‘Friendly Giant’ Instills Fear into Opponents


Sean Jordan

DEFENSIVE SCORE: Defensive back Mohamed Inoussa takes a blocked kick across the Glendale goal line in a lopsided game against Los Angeles Southwest College on Oct. 24 at Sartoris field.

hulking frame enters the training room, his size alone turns some heads from the cross country runners and basketball players, it’s Mohamed Inoussa, he’s smiling and wearing a French soccer jersey but no one would be surprised when he tells you he plays on the defensive line for the Glendale Vaqueros football team.

With Inoussa’s giant 6 feet, 5 inches, 250 pound body, it would be hard to believe that soccer was his first passion from the time he was 6 years old to just last year.

Inoussa didn’t call it “soccer,” for most of his life, it was european “football.” He was born in Jakobsberg, a suburban area in Stockholm, Sweden. which he calls a “a great place to grow up.”

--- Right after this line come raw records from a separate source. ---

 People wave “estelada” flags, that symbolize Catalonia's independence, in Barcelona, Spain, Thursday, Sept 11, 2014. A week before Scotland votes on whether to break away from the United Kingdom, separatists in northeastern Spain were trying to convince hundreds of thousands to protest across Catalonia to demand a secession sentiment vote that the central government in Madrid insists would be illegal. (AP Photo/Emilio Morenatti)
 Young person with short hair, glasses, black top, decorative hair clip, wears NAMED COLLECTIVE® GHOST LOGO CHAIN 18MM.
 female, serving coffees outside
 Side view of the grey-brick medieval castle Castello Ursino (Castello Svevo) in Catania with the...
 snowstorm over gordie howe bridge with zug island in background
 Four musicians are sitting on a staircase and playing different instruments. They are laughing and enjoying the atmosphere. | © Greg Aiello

Sweden doesn’t come without downsides though, Inoussa contrasted the weather, just one of many reasons why he chose to come to Glendale College to get an education.

“It was the best junior college that wasn’t too expensive,” Inoussa said. “I was super excited. Growing up in a country where the weather was mostly gloomy and cold then getting the opportunity to come to a place like Glendale, where the sun shines almost 24/7, is amazing.”

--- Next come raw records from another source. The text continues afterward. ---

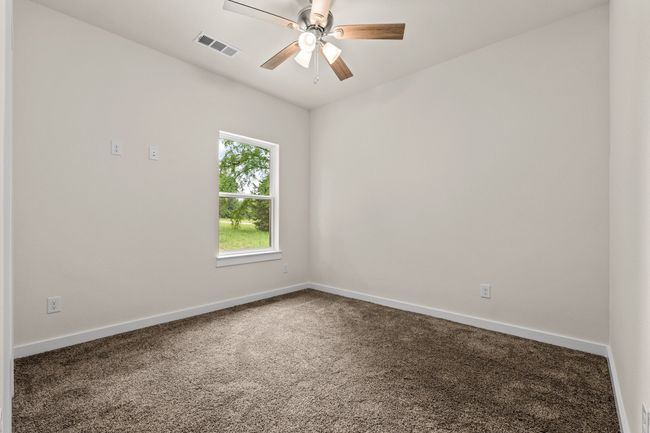 Spare Bedroom with carpet flooring, baseboards, and a ceiling fan | Image 26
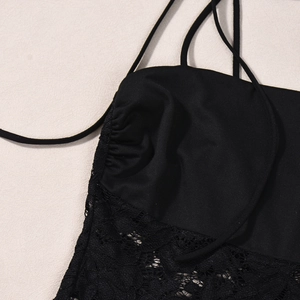 Detail of black camisole showing lace patchwork, thin straps, and pleated chest design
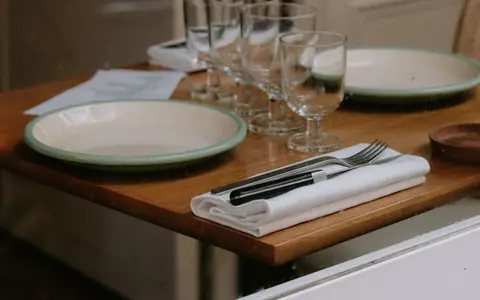 Restaurant table set with plates, glasses and cutlery.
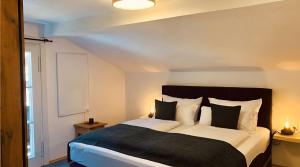 a bedroom with a large bed with black and white pillows at Ferienhaus Anni in Kreuth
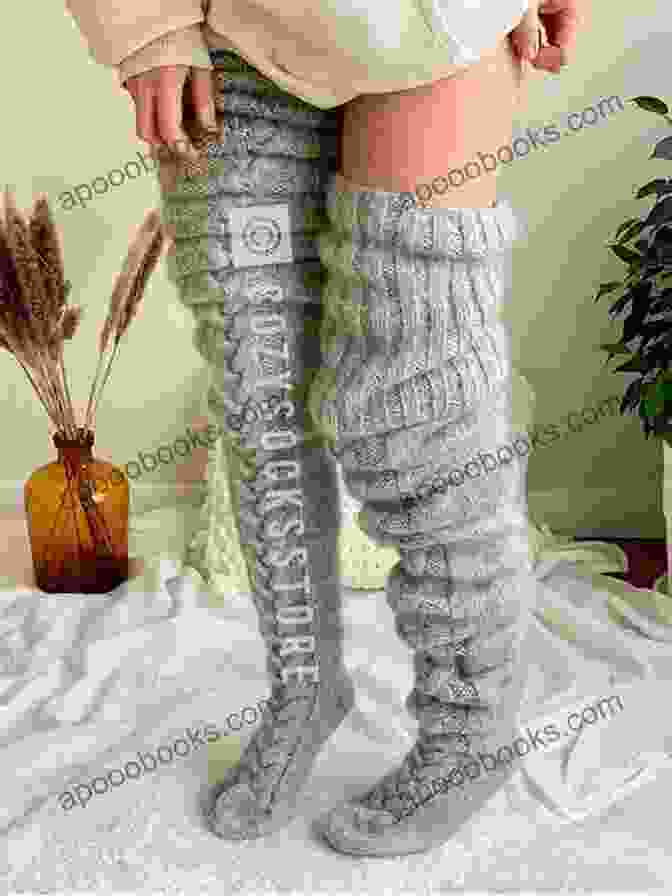 A Pair Of Thigh High Chunky Socks In A Light Gray Color, Photographed On A Wooden Surface. Thigh High Chunky Socks Knitting Pattern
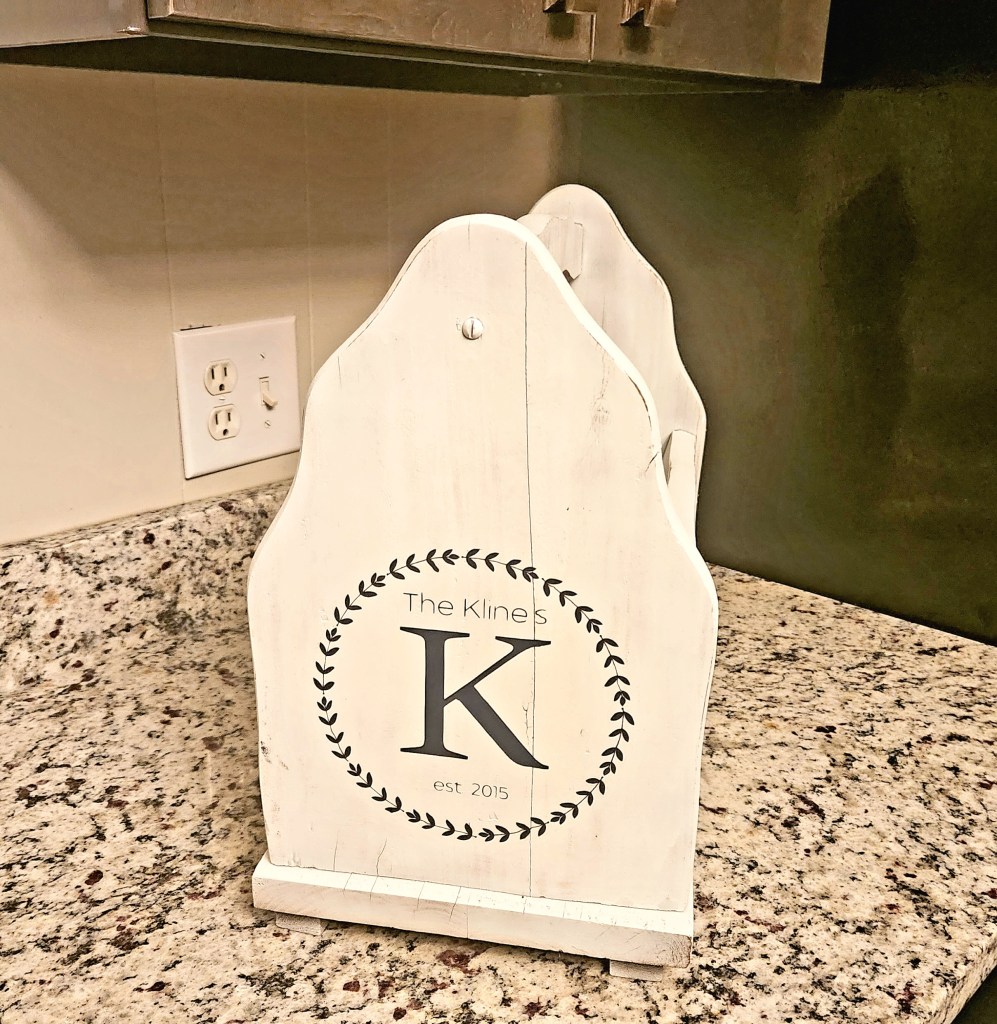 Completed magazine rack with a "K" and the date of our union on the side of it.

While a student of the game, equipped with a ton of athleticism, Inoussa’s strength and prowess could not be fully utilized in a sport like soccer. After what Inoussa called an “unsuccessful soccer season,” he made the switch from soccer to football with the help of coach John Rome.

“I couldn’t thank Coach Rome, the coaching staff and my teammates enough for making the transition from soccer to football better than I could have imagined,” Inoussa said. “They molded me into a college football player and I’m very excited for what’s to come.”

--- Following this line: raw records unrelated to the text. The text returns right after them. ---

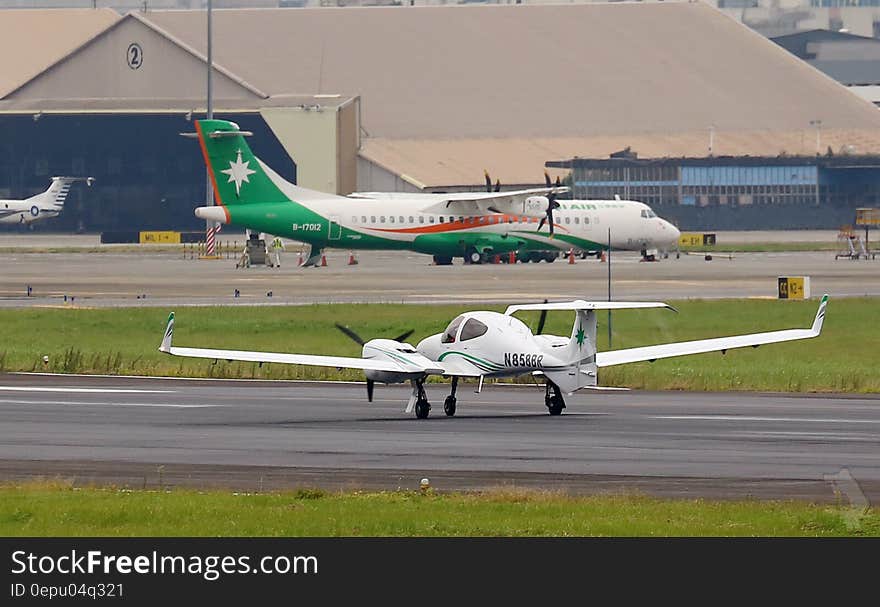 Airport with large green, white and red propeller driven passenger aircraft and smaller white private plane on the runway, hangars in the background. Airport with large green, white and red propeller driven passenger aircraft and smaller white private plane on the runway, hangars in the background.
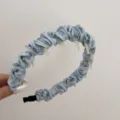Nahaufnahme eines hellblauen Satin-Haarreifs mit Rüschen und rutschfesten Zähnen. - Plissiertes Stirnband / Blau
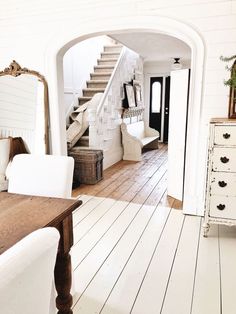 an archway leads to the living room and dining area in this white country style home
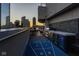 Enjoy outdoor entertainment on this deck with a shuffleboard and convenient outdoor kitchen at 333 Massachusetts Ave # 801, Indianapolis, IN 46204
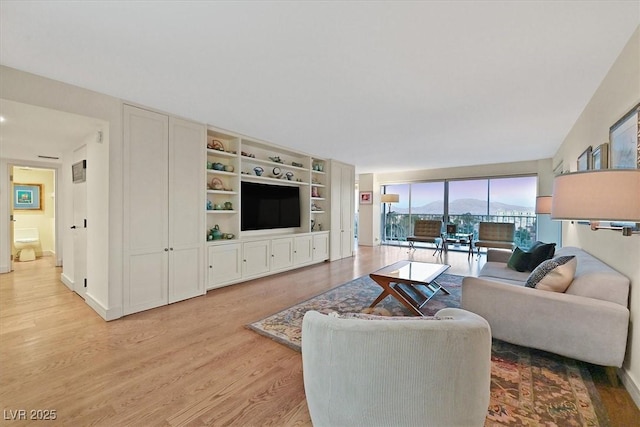 3111 Bel Air Dr Unit 7D, Las Vegas, NV 89109 - living room with light wood finished floors and baseboards
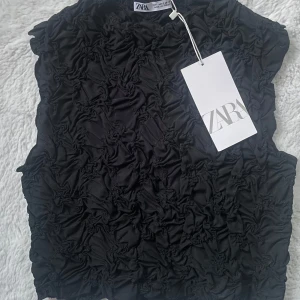 Svart ruched topp från Zara - Cool svart topp från Zara med ruched effekt över hela tyget som ger en unik struktur. Ärmlös modell med hög hals och croppad passform. Perfekt att styla med jeans eller kjol för en trendig look. Pris kan diskuteras 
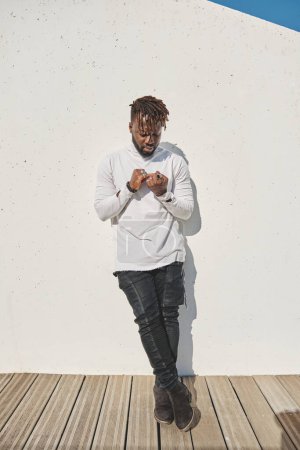 Photo for Full body of bearded African American with dreadlocks in trendy outfit standing with crossed legs and leaning on wall while looking at hands - Royalty Free Image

In his first year playing organized football, going against guys who played football their whole lives in the American Pacific Conference, Inoussa has already figured out was to wreck havoc amongst opposing offenses, compiling two forced fumbles and two sacks in just six games played.

“When he came in, he didn’t know whether the ball was pumped or stuffed,” Rome said.

Roman believes Inoussa’s intelligence is the key to his “ astronomical development.” While Inoussa certainly has the looks of football star in the making, the transition from a sport like soccer to football is a big one.

“You run a lot more (in soccer) meaning you have to have good cardio to play, I would say that you run an average 7 miles per game and you have to have your head in the game at all times,” Inoussa added. “Compared to football where the game is more situational based, a play can last 3 seconds for 15 seconds, it all depends on how the play develops.”

Inoussa has an extremely keen sense for how to go about both sports mentally and physically. “Football really is the closest thing to a war mentality, where you have to go 110 percent on every play, the goal being to win each individual down for your team.”

Inoussa sifted through the differences of how players can have impacts on the team.

Even if there are over 50 players per squad compared to soccer where you have a smaller squad and it’s harder for a player to get in a game because its continuous and doesn’t for as many players to come off the bench and have an impact.”

Inoussa is always smiling, described as a “friendly giant” by assistant on the football team, Ken Powell. He doesn’t rub off as a friendly giant for those 3-15 seconds when a down is played on the field, that is when he is inflicting pain and instilling fear in his opponents. He is making freakish strides as a football player and is definitely one to keep an eye on in the remaining games of the year.